I was just as boy-crazy as any other girl whose fifth and sixth grades coincided with David Cassidy’s run in The Partridge Family. His piercing eyes sparkled under his silky brunette shag as he smiled beguilingly from the poster on my wall, brightening my bedroom like sunshine through the window. As guitar-playing Keith Partridge, he dramatically balanced the role of teenage rebel in the family band with his responsibilities as the eldest son of a widowed mother with four other kids. The Partridge Family’s biggest hit was “I Think I Love You,” and the feeling was mutual.
When David Cassidy was the main attraction at the Nebraska State Fair, my dad caved to my pleading and bought cheap tickets far up on the metal grandstand benches. From there, I could see that David Cassidy’s pants and shirt were not the same shade of white. “His outfit’s wrinkled,” my dad added when he took his turn with the binoculars. I noticed that, too, but couldn’t acknowledge the feeling that maybe David didn’t really care enough about us. It was my first concert, and I wasn’t ready to be disappointed by rock stars.

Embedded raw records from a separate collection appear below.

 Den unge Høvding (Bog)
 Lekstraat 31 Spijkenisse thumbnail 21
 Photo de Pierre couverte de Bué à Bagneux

David Cassidy died of alcoholism at age 67 in November 2017. As I watched the internet overflow with beautiful photos from his time in teen magazines, I was floored to realize how, at his peak in 1972, David Cassidy looked like a teenage girl. I hadn’t thought of him in decades. And by then I knew that my earliest TV crush had not been on David Cassidy but on Barbara Feldon, the tall, sultry, intelligent and problem-solving Agent 99 to the idiotic spy played by Don Adams on “Get Smart,” which ended its five-year TV run in 1970, just as “The Partridge Family” began. Maybe I didn’t understand my feelings back then because no one made a poster of Agent 99.

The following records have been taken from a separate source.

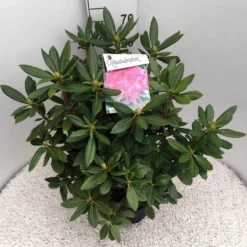 Rhododendron (Rhododendron 'Cosmopolitan') -Goedkope Tuin Sprankel Winkel rho. cosmopolitan c10 50 cm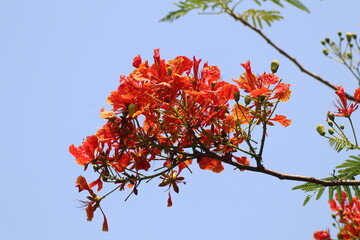 Caesalpinia pulcherrima flower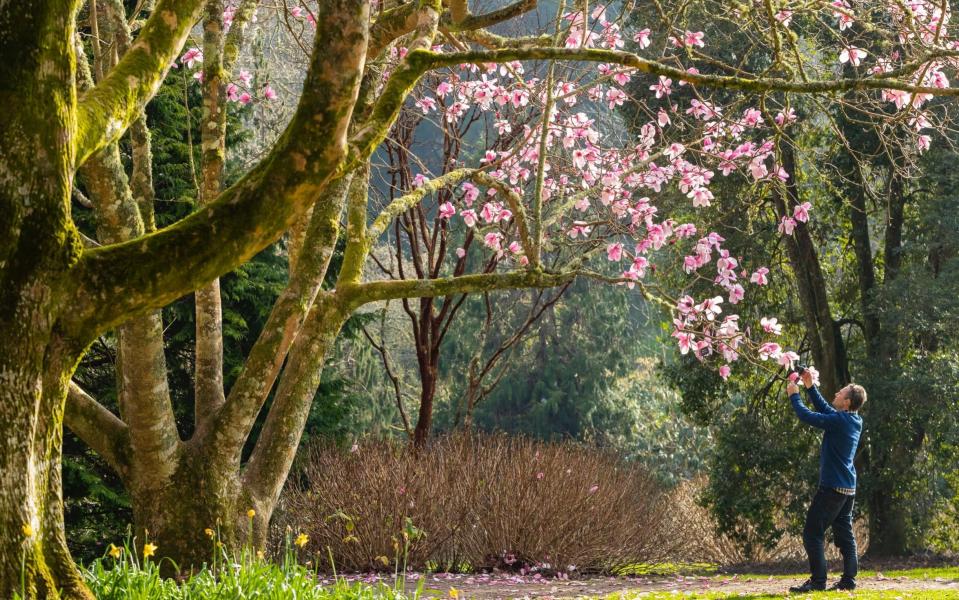 Magnolias at Trelissick, Cornwall. February may be the most fragrant in memory, the RHS says - (C) National Trust/Chris Lacey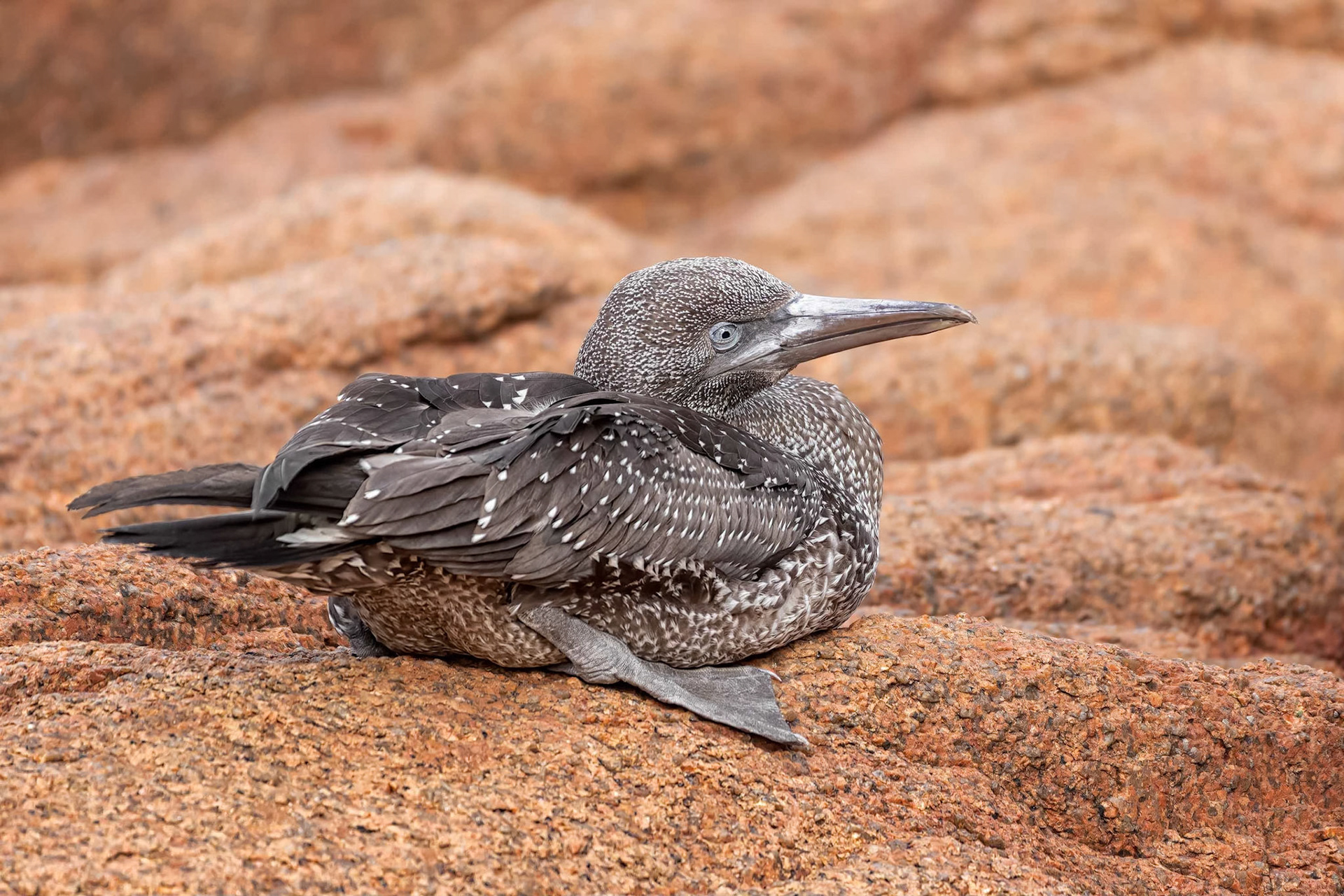 Northern Gannet (Perros-Guirec, France)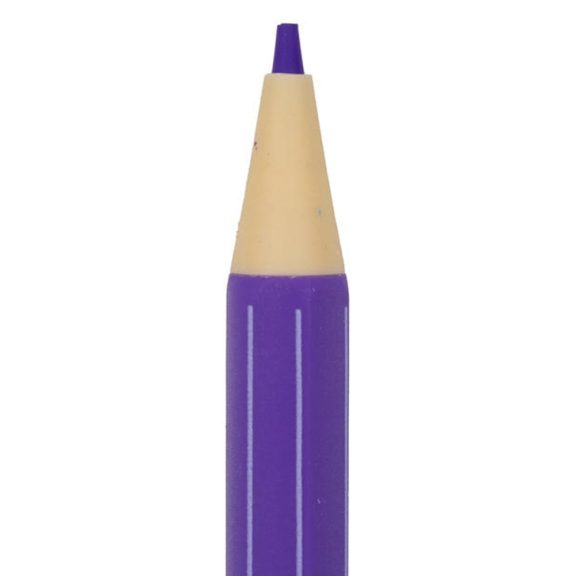 Színes ceruza ASTRA animals műanyag hengerben 12 színű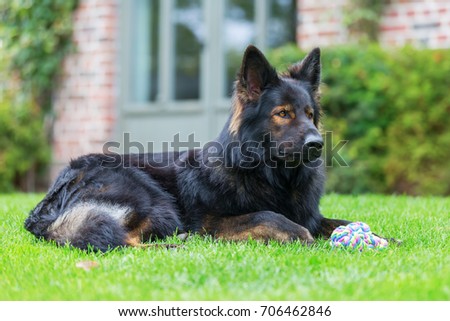 portrait picture of an Old German Shepherd dog who lies in the garden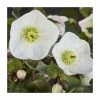 2ft Helleborus 'Ice N Roses® Bianco' | 4.5L Pot | Helleborus Gold Collection® 1 2ft Helleborus 'Ice N Roses® Bianco' | 4.5L Pot | Helleborus Gold Collection® -Cheap July Plants Store PL50098 main image 2ede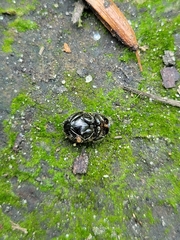 Onthophagus hecate
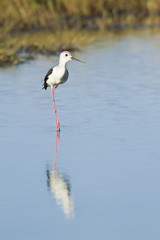 Black-winged stilt bird in Pottuvil, Sri Lanka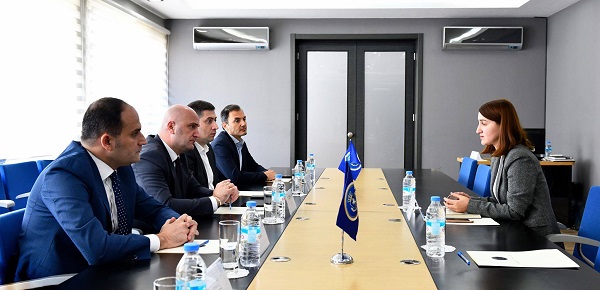 საქართველოს ფინანსთა სამინისტროს საგამოძიებო სამსახურს  სახელმწიფო ინსპექტორი ეწვია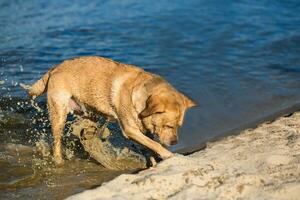 Labrador Retriever Hund auf Strand. rot Retriever graben Grube foto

My first kiss was with a fifth-grade boy, hiding in the bushes on our walk home from school, after he’d written “Will you go with me” on a tiny piece of paper, wadded it up, and thrown it at me in class. Our lone kiss in the bushes sparked no desire for another one, and neither of us really knew what we were supposed to do after declaring that we were going with each other. The relationship didn’t last long.
I made out with a boy at church one Wednesday night during junior high youth group, lights out in one of the fellowship rooms where the soft couch was meant for comfort during Bible studies. He produced an alarming amount of slobber, which did nothing to smooth the sharp early whiskers on his upper lip. Youth group was better for smoking my first joint with a couple of other kids in a stand of pine trees across the street. As we sauntered woozily back into the building, I felt the brick walls, decorated with crayoned Sunday-school artwork, shift ever so slightly before we settled in for pizza and preaching.
In 10th grade, when kids from various junior highs mixed for the first time at one big high school, a legendarily cute guy who’d gone to a different junior high inexplicably liked me. This caught the attention of the popular girls from various schools who’d all found each other and coalesced into a single organism of cheerleaders and chorus stars. These girls cautiously accepted me into their lunchroom circle. But this guy’s lip was also spiky. I understood why boys this age were so proud of their young whiskers, but didn’t they care how it might feel to a girl who just wanted soft lips? Plus he was self-absorbed and boring, so I broke up with him. “You’re crazy,” one of the lunchroom girls told me, implying I’d never get another boyfriend that good again.
I proceeded to prove her wrong. As a member of the girls’ swim team I was obligated to be a fan of the boys’ team, and over the winter season I managed to catch the interest of a smooth-skinned, clean-shaven blond diver, a shy Adonis who’d bought a red Trans Am with money from his grocery-sacking job. Dating a senior elevated my status, even among his straw-haired, chlorine-smelling teammates who lurked like asshole big brothers. On our first date, to a Friday night basketball game, I decided to dress up a little and wore cream-colored corduroy Levi’s with a sweater instead of my usual blue jeans and flannel shirt. “Lose the white cords,” one of the teammates scoffed at me. Adonis didn’t seem to mind whatever I wore, and for the rest of that year the two of us were that most annoying of high school creatures, the conjoined couple who walked the halls with hands in each other’s back pockets. On Saturday nights I told my parents we were going to the movies but we went instead to the basement at his house. On the couch in front of the TV, we made out with the buzzy intensity of two teenagers genuinely in love, though neither one of us ventured inside the other’s pants because I lived in the fearful legacy of 7th grade health class films and told him we’d never do anything that could get me pregnant, a rule he respected. I should have risked it, because Adonis was the only boy I ever loved.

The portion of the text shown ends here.